Instructions for the task: Please repeat exactly the lines from the one containing "Comprendre la cirrhose" through the last line of the records below, both included, and leave out any pictures.

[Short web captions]
_ _ _ _ _

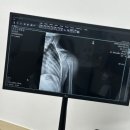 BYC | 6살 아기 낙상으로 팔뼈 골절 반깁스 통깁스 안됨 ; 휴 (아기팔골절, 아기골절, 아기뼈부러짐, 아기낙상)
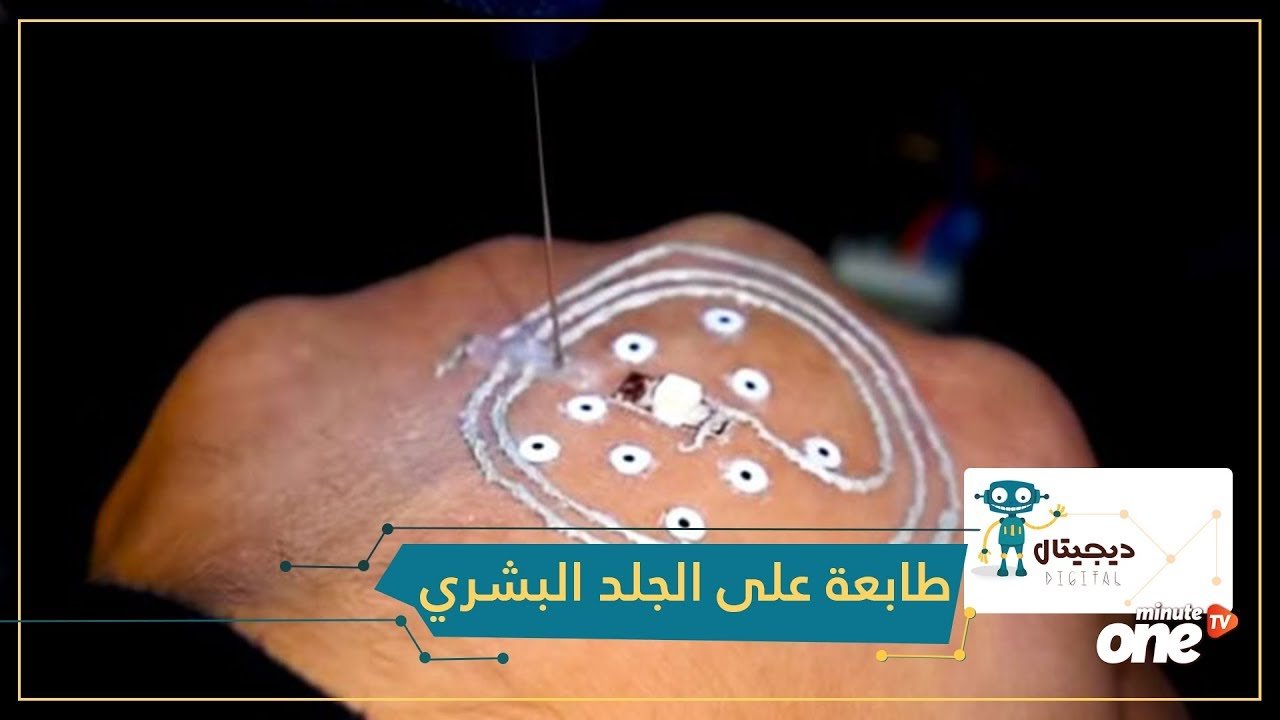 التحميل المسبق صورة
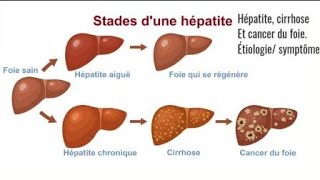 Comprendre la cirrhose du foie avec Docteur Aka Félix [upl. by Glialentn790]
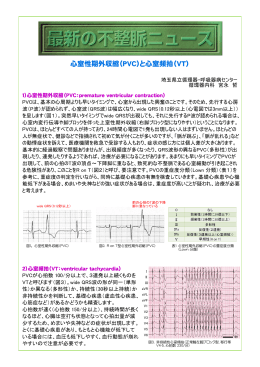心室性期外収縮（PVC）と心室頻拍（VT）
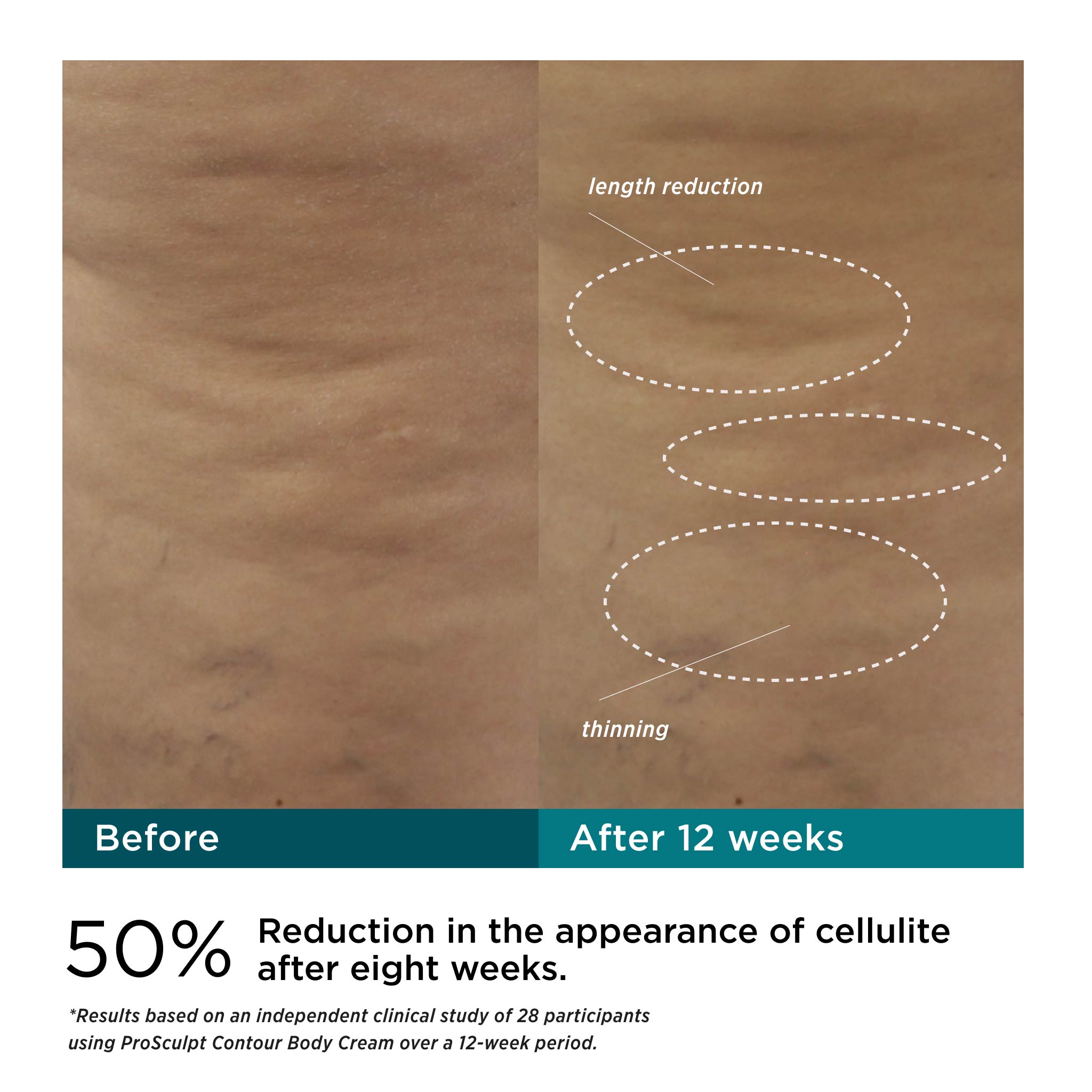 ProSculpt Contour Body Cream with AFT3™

_ _ _ _ _

The completed task:
 Comprendre la cirrhose du foie avec Docteur Aka Félix [upl. by Glialentn790]
心室性期外収縮（PVC）と心室頻拍（VT）
 ProSculpt Contour Body Cream with AFT3™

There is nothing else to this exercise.